### What you will do
This task calls for the lines below starting at the one containing "So the next" and ending at the one containing "For transactions, we", repeated exactly with both ends kept and pictures left out.

### Records supplied
------------------------

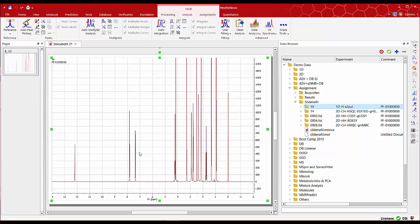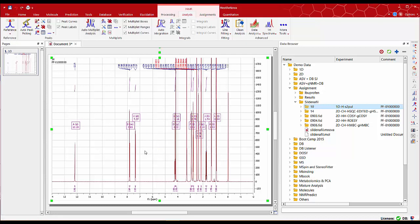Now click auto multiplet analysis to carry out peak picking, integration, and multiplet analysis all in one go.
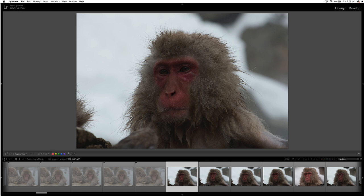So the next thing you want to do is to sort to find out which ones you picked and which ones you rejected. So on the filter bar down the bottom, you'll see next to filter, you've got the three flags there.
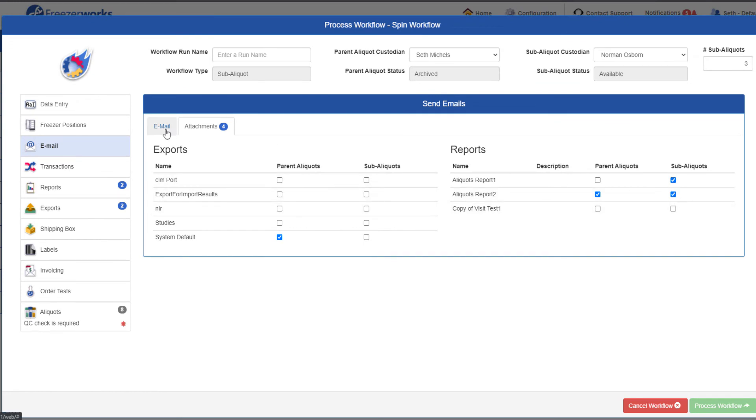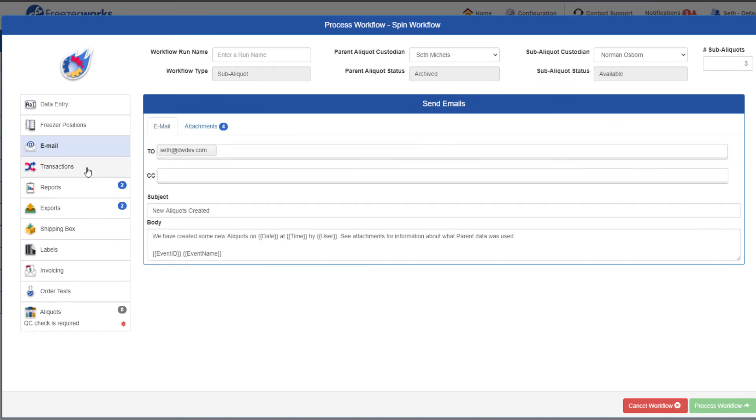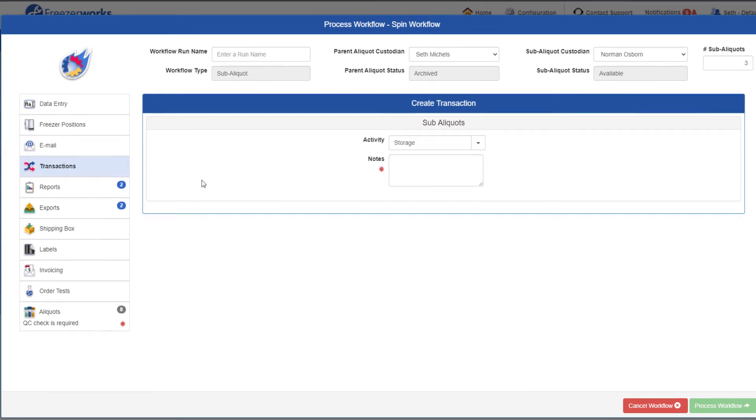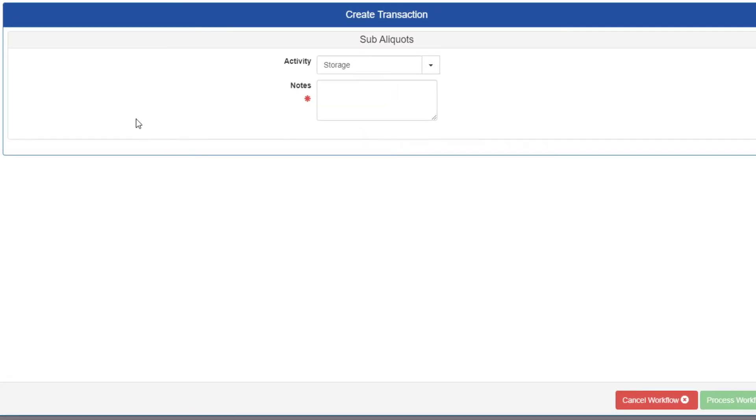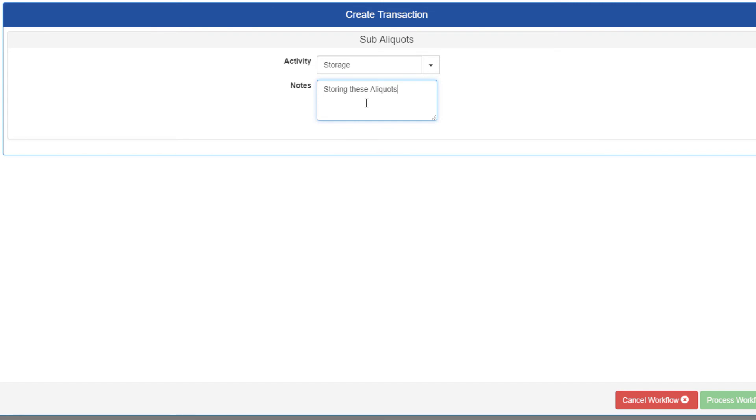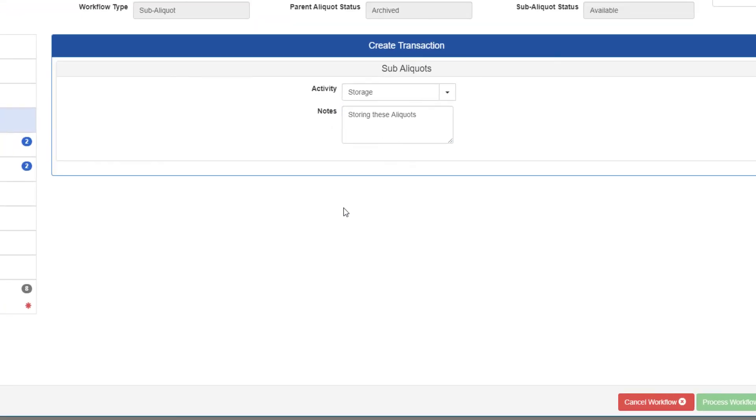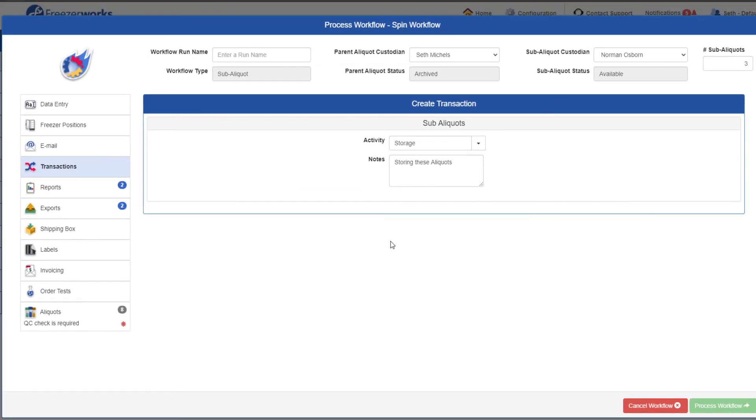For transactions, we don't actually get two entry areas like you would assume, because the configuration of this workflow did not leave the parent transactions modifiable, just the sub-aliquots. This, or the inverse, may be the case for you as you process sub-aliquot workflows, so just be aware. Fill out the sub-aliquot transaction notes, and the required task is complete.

------------------------

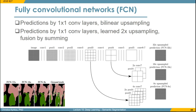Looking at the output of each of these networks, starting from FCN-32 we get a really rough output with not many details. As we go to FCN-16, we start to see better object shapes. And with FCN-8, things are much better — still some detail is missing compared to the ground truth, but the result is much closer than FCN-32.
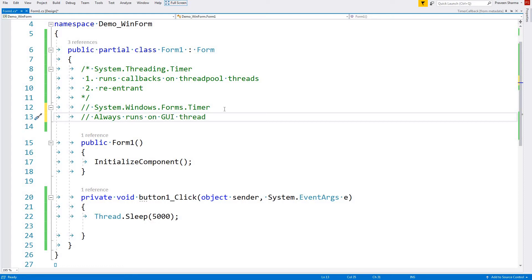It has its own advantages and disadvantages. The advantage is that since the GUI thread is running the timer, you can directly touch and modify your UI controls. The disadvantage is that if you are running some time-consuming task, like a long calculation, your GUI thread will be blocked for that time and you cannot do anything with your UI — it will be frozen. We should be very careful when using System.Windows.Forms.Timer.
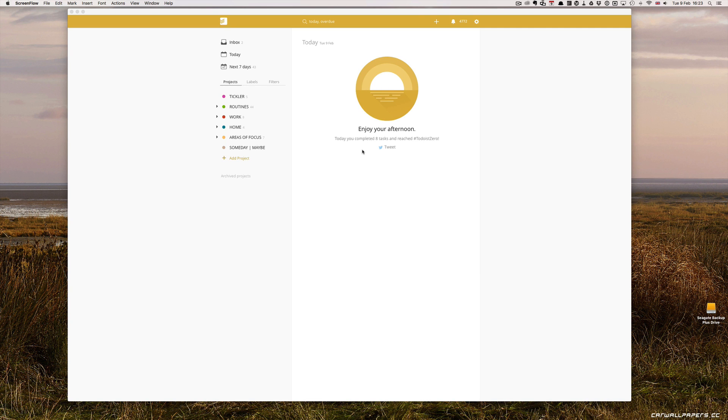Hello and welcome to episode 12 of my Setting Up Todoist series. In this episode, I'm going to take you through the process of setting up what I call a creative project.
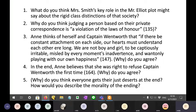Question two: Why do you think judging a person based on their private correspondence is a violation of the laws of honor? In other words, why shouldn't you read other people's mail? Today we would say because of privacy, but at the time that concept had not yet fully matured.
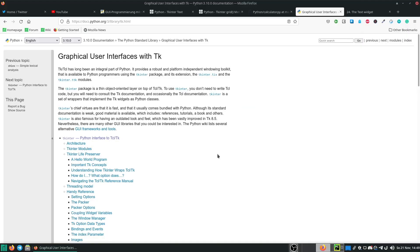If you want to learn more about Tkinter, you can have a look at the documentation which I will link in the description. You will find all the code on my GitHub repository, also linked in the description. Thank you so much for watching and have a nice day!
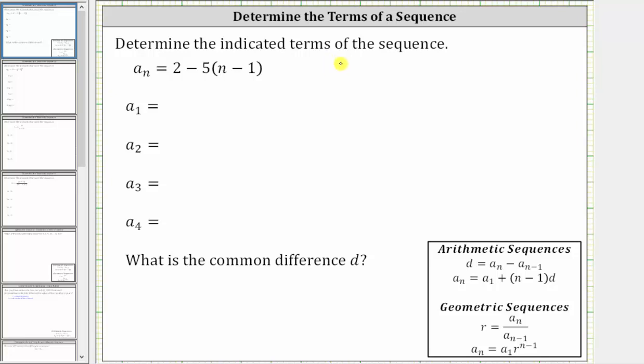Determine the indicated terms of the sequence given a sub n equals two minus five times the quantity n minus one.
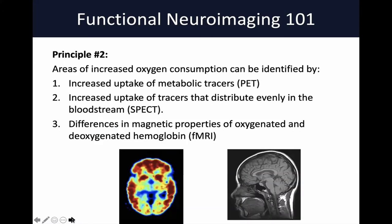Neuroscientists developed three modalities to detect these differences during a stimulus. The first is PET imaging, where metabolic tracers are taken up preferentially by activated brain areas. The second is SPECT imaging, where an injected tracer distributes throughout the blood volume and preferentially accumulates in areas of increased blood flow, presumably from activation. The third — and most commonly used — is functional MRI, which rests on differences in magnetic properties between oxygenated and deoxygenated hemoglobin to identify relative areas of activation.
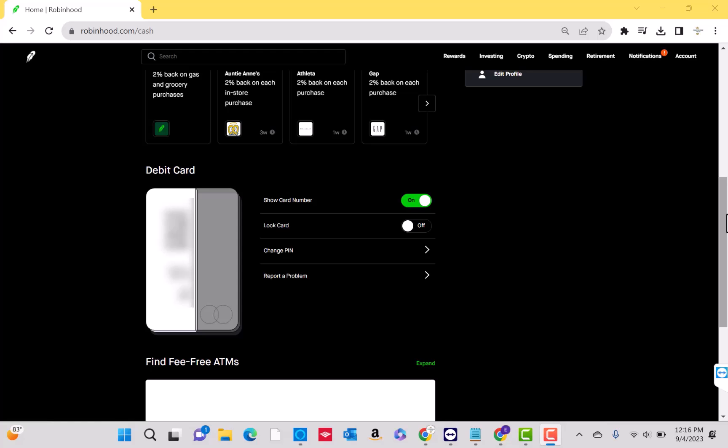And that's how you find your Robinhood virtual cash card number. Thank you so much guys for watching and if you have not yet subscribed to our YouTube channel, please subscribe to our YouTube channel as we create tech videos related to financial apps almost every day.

------------------------

### Answer to this exercise
So the next thing you want to do is to sort to find out which ones you picked and which ones you rejected. So on the filter bar down the bottom, you'll see next to filter, you've got the three flags there.
For transactions, we don't actually get two entry areas like you would assume, because the configuration of this workflow did not leave the parent transactions modifiable, just the sub-aliquots. This, or the inverse, may be the case for you as you process sub-aliquot workflows, so just be aware. Fill out the sub-aliquot transaction notes, and the required task is complete.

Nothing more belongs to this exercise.